- Acceptance Criteria – Measurable terms of what must be done for a user story to be acceptable to the stakeholders.
- Backlog – Sometimes called a Product Backlog, the Backlog is a collection of user stories and tasks the development team will work on at some point in the future. Initially, this list consists of all obvious functionality, and it is allowed to grow and change as more is learned about the software.
- Iteration – Sometimes called a Sprint, an iteration is a fixed, specific length of time resulting in a small but complete piece of working software. Multiple iterations combined create a fully integrated product.

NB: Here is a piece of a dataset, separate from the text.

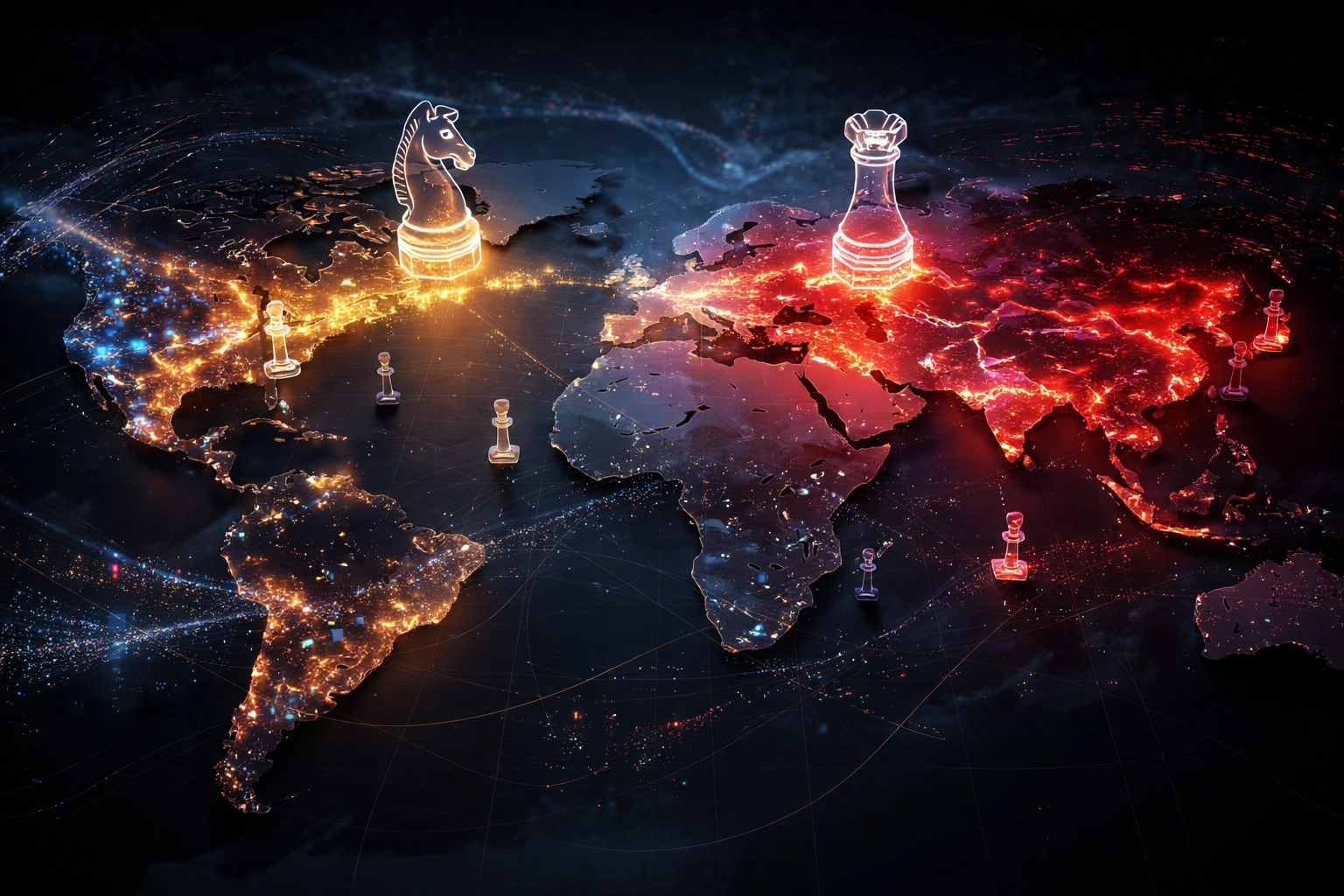 Global map glowing with regulatory zones and chess pieces, illustrating worldwide AI policy competition.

- Planning Poker – Planning Poker is a consensus-based estimation technique for estimating. Using this methodology, individual user stories are presented for estimation, and after a period of discussion, each developer chooses from his own deck the numbered card that represents his estimate of how much work is involved in the story being discussed. All estimates are kept private until each participant has chosen a card. At that time, all estimates are revealed and discussion can begin again. The method has been popularized by Mike Cohn in his book Agile Estimating and Planning, and studies have credited it with less optimistic and more accurate estimations than other methods (K. Molokken-Ostvold and N.C. Haugen)
- Retrospective – A meeting where a development team looks back on the previous iteration so that they can learn from their experience and apply this learning to future projects.
- Stakeholders – Customer representatives from the business who are actively engaged in the project. They prioritize user stories and give real-time feedback throughout iterations.
- Story Points – A measure of magnitude of a paticular user story, and it\’s size relative to the size of other user stories. Story points enable effort to be estimated without trying to estimate how long it will take.
- User Stories – A very high-level definition of a requirement, containing just enough information so that the developers can produce a reasonable estimate of the effort to implement it.